Now my husband Mel has a habit of creating security incidents by forgetting what’s in his pockets or his luggage. On one memorable occasion he had a large bottle of chili jenever from our favorite Ghent bar in his carryon bag. The security official at Brussels airport looked at the bottle of clear liquid in which floated bunches of red chilis, perhaps some innovative incendiary device, and promptly summoned a supervisor. The bottle was confiscated. Now we discovered that the Shard has its own airport level security complete with metal detector and X Ray machine. Five of us passed through uneventfully but gathering by the elevator we realized that Mel wasn’t with us. He had been detained. We saw a uniformed official brandishing a sheaf of paperwork at him. I went over to see what was going on and learned that they had found a penknife in his pocket. I heard the words “ten days” uttered by the security guard. “You mean he can’t come in?” I asked. “No no” said Mel, “go on up, I’ll catch up with you.” So we left him to his fate and stepped into the elevator, rising to the top of the Shard in seconds.
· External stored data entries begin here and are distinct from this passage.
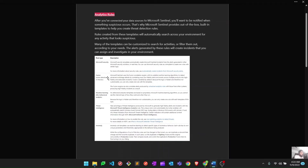Next, let's discuss Fusion rules. Fusion rules are based on the machine learning capabilities of Microsoft Sentinel. Microsoft Sentinel uses the Fusion correlation engine to detect threats and vulnerabilities across the environment. These are rules we cannot modify ourselves because they are completely based on the machine learning capabilities of this product.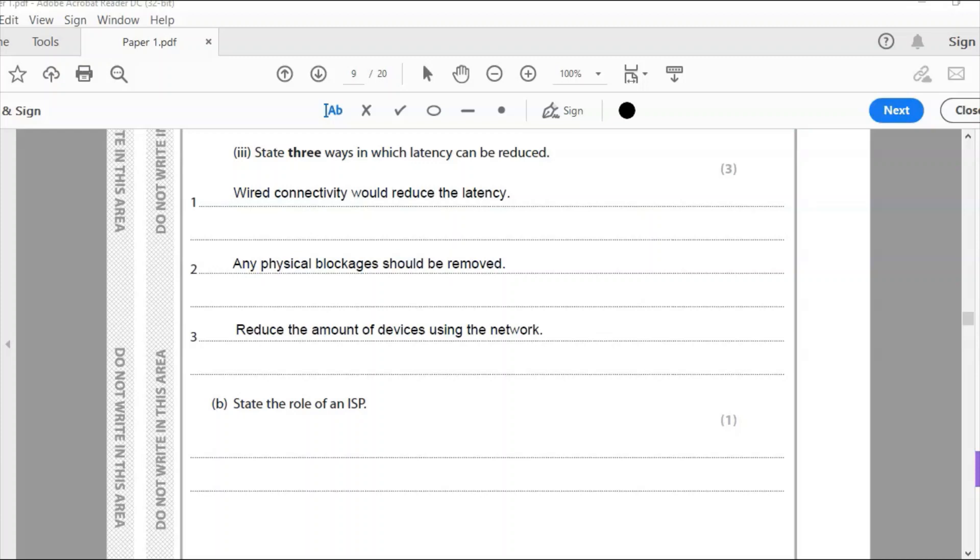So the third point I would reduce the amount of devices using the network. So remember we talked before in previous papers we talked about bandwidth. If I've got lots of devices using my internet connection then the bandwidth is going to decrease because everyone's using it. There's more people using more traffic that's going to slow everything down. So reducing the amount of devices on the network is going to speed things up.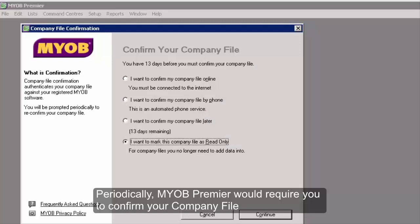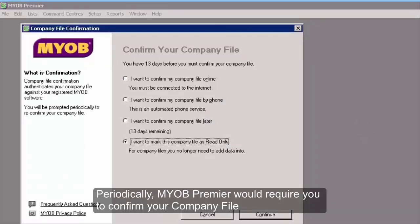Periodically, MYOB Premier will require you to confirm your company file.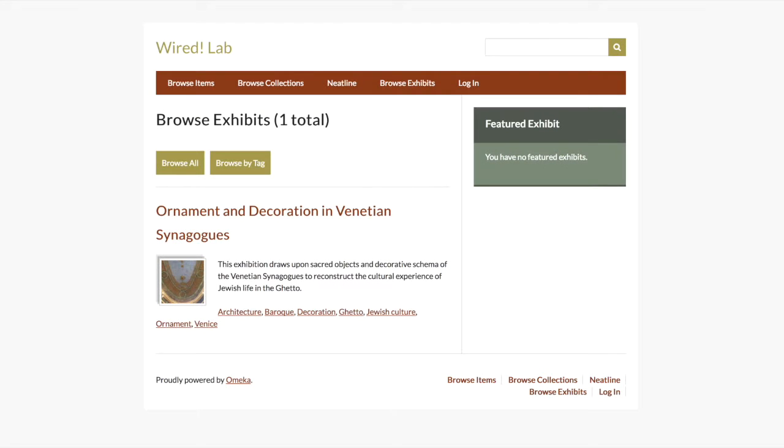For users of an existing class or research project site, once you have been given access to an Omeka site, you should receive an activation email. Check both your inbox and your spam folder for this email. Make sure your instructor has shared your username with you and follow the instructions in the activation email to create your password.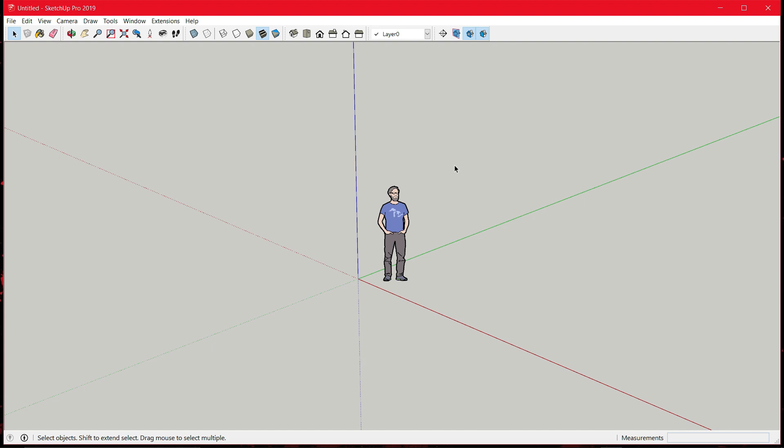Hello guys, Nilesh here back with another tutorial. So today in this video, I will show you a useful plugin that will be helpful for people who are using Sketchup version lower than 2020.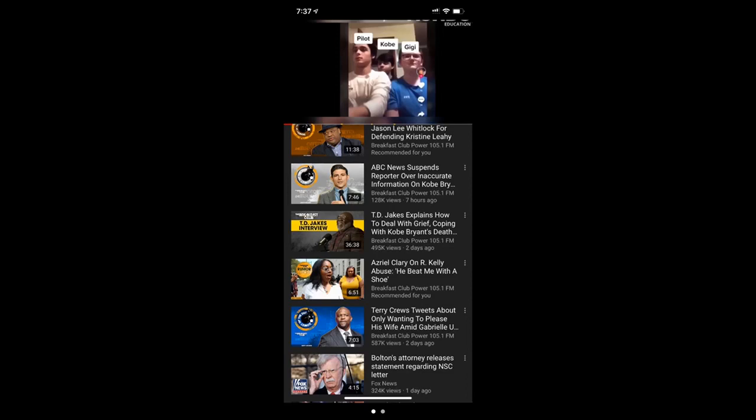And if I were TikTok, and if that's the company that owns this, I would really basically, not suspend it, no, delete their account for good. Just delete their account for good. Because this is insane. This is unacceptable. This is insensitive and inappropriate.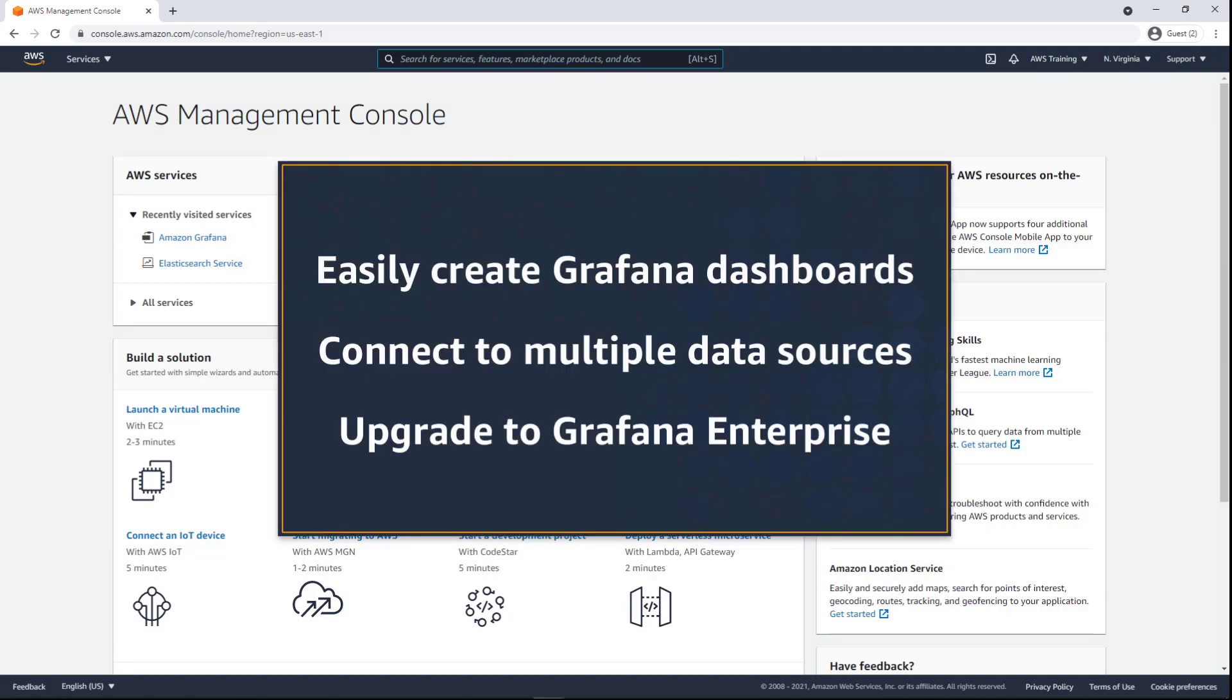In this video, you'll get an introduction to Amazon Managed Grafana, or AMG. With AMG, you can easily create Grafana dashboards to visualize and analyze your operational data at scale, connect to multiple data sources, and upgrade to Grafana Enterprise for additional third-party plugins and support.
We found ourselves in a dimly lit vestibule where soberly dressed factotums seemed more like funeral directors than restaurant maitre d’s. They relieved us of our coats and a suitcase carried by one of us, of which more later. Then we passed though a narrow stone passageway lined by fonts of flickering underwater lights. All we could see ahead was another blank stone wall. It felt like a passageway in one of the pyramids, an entrance to some macabre ritual in a burial chamber. But no, finally we turned a corner into the dining room, its floor to ceiling windows offering a spectacular view of the city below. When Mel finally joined us he explained that his knife had been confiscated and sent to a local police station. It would be mailed to him in ten days, hence the voluminous paperwork. (We are still wondering if they will bother sending it to the U.S.) At this point Stephanie confessed her relief that the suitcase had not been investigated more closely. During the day she had purchased a toilet plunger to solve a plumbing problem at her flat. Not wishing to enter a posh restaurant carrying such a device she had secreted it in a small suitcase she had on hand at the gallery. This revelation caused a great deal of merriment as we imagined what might have happened if our group had been found with a toilet plunger as well as a knife. What dastardly plot could we have carried out in the Shard with these two weapons at our disposal? I could see the tabloid story – “Armed with a toilet plunger and a knife an international gang of terrorists held diners at the Shard hostage…” This was exactly the kind of incident that would have happened in Hooting Yard, the surreal world of my brother Paul’s invention.
I can report that the food in the Shard was superlative, but we did have a complaint about one of the drinks. My nephew Ed ordered an after dinner drink that contained a slice of orange peel with the name of the restaurant burned into it. Now I am very fussy about my fonts and Ed is a graphic designer specializing in fonts. We decided we were horrified with the font on the orange peel. Should we send the drink back and insist on Times New Roman or perhaps Helvetica Neue? Yes, the hostage drama would turn out to be triggered by the bar tender’s execrable taste in fonts. As we riffed on this topic I thought how much Paul would have loved this silly conversation between his son and his sister.
Below us the lights of London glittered and the deadly virus spread silently through the city.